Question: Why they are all assume it trivial, but I cannot make it commute the diagram in the first axiom of being, linear algebraic group (for $A=k[s]$).
Definition 3.48.(ref.Mukai An Introduction to Invariants and Moduli (Cambridge Studies in Advanced Mathematics) Let $A$ be a finitely generated $k$-algebra. Then $G=\mathrm{Spm} A$ is called an affine algebraic group if there exist $k$-algebra homomorphisms $$ \begin{aligned} & \mu: A \rightarrow A \otimes_k A \text { (coproduct) } \\ & \epsilon: A \rightarrow k \quad \text { (coidentity) } \\ & \iota: A \rightarrow A \quad \text { (coinverse) } \\ & \end{aligned} $$ satisfying the following three conditions. (i) The following diagram commutes:
$\require{AMScd}$ \begin{CD} A @>{\mu}>> A \otimes_k A\\ @V\mu VV @VV1_A\otimes\mu V\\ A \otimes_k A @>{\mu\otimes 1_A}>> A \otimes_k A \otimes_k A \end{CD}
we have also second and third axioms to be satisfied (I have checked there are no problem)

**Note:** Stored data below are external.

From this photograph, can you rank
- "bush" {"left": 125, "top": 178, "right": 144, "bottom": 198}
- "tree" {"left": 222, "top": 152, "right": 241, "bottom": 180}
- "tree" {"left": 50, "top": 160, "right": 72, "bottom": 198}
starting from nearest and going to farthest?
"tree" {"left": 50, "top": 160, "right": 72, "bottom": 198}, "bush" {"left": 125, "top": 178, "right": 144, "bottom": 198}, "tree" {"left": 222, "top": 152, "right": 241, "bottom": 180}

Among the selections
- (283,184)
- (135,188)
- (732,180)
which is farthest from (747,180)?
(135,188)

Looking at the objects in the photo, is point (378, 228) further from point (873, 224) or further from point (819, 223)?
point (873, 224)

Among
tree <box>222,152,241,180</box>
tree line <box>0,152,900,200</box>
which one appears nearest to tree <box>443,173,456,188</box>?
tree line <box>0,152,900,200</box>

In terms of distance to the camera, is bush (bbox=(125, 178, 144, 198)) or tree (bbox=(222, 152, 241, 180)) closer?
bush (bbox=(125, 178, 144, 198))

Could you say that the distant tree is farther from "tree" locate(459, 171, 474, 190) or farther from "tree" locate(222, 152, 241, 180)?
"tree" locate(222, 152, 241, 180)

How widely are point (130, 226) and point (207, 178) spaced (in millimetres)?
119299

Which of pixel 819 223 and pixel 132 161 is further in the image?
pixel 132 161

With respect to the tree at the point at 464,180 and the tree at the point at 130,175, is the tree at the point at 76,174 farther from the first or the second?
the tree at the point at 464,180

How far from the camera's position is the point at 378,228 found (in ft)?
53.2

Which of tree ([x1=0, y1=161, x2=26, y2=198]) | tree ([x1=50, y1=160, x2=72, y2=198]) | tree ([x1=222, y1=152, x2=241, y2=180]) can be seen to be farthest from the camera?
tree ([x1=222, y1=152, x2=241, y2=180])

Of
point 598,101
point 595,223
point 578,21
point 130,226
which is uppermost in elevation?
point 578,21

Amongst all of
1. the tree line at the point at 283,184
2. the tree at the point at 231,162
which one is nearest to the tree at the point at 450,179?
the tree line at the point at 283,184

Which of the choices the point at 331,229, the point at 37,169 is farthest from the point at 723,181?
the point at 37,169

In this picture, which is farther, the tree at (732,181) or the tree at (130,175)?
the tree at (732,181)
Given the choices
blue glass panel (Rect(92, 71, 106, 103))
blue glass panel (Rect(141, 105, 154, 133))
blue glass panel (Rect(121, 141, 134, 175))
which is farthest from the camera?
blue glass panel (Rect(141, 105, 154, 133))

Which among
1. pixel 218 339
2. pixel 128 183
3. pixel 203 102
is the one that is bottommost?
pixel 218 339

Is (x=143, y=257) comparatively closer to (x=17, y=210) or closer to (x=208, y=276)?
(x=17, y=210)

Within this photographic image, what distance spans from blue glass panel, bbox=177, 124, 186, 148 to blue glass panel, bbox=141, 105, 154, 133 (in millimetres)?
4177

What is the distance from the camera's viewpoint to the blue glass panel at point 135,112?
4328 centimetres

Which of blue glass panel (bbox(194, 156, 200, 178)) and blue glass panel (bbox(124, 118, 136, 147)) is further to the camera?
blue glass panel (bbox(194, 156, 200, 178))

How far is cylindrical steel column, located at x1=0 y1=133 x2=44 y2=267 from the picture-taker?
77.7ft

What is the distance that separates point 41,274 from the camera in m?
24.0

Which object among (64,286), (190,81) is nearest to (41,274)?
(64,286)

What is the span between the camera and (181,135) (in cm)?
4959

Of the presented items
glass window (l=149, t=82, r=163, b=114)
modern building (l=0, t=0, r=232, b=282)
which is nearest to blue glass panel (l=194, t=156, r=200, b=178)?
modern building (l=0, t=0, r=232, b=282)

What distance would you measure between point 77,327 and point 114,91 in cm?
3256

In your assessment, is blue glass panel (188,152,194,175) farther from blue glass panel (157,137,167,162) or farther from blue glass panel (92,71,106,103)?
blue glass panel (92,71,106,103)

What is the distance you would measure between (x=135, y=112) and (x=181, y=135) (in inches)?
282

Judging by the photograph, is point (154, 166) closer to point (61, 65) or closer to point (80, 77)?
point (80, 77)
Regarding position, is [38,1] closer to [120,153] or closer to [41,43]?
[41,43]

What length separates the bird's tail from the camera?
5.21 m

Problem Example 3.50. The spectrum of a polynomial ring in one variable $A=k[s]$ can be given the structure of an affine algebraic group by defining $\mu(s)=$ $s \otimes 1+1 \otimes s, \epsilon(s)=0$ and $\iota(s)=-s$. This group is denoted by $\mathbb{G}_{\mathrm{a}}$. As a functor, it assigns to a $k$-algebra $R$ the additive group $R$ itself. As a variety, of course, it is isomorphic to $\mathbb{A}^1$.

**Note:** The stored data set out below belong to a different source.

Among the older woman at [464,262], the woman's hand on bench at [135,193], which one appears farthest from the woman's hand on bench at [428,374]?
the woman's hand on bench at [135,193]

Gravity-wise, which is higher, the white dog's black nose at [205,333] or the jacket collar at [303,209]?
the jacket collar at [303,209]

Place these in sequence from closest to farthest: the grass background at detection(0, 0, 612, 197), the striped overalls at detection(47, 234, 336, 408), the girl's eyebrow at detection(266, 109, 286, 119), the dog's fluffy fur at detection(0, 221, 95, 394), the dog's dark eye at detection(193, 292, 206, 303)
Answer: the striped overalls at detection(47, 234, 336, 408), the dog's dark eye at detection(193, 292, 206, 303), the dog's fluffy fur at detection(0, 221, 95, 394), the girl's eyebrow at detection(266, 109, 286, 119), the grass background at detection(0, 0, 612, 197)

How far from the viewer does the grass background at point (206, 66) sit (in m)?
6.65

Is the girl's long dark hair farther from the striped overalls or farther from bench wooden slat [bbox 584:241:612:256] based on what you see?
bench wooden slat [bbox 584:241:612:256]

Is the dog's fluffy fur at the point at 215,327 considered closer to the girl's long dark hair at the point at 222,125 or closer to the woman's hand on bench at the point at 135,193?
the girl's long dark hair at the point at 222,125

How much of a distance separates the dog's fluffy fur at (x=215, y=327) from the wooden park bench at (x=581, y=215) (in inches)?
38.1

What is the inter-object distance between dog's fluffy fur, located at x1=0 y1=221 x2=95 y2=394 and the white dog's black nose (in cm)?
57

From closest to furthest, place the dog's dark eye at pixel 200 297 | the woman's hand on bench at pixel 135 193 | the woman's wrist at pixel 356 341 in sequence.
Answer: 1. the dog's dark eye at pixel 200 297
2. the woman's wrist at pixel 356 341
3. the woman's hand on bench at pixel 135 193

The attempt Since our $k-$ Algebra is a polynomial ring $k[s]$ let us try with only $s\in A=k[s]$
$s$ is sent to $s \otimes 1+1 \otimes s$ then, by $1\otimes\mu $, sent to $s\otimes 1 \otimes 1+ s\otimes1\otimes1+ 1\otimes s \otimes 1 +1\otimes 1\otimes s$
in other way
$s$ is sent to $s \otimes 1+1 \otimes s$ then, by $\mu \otimes1 $, sent to $s\otimes 1 \otimes 1+ 1\otimes s \otimes1+ 1\otimes 1 \otimes s +1\otimes 1\otimes s$
So in this calculations $3$ terms in each sides are cancelled but $s\otimes 1\otimes 1$ and $1\otimes 1\otimes s$ clearly since $s$ is not in the field $k$ we cannot take it to in front of the equation.
So what am I missing, can you point it out?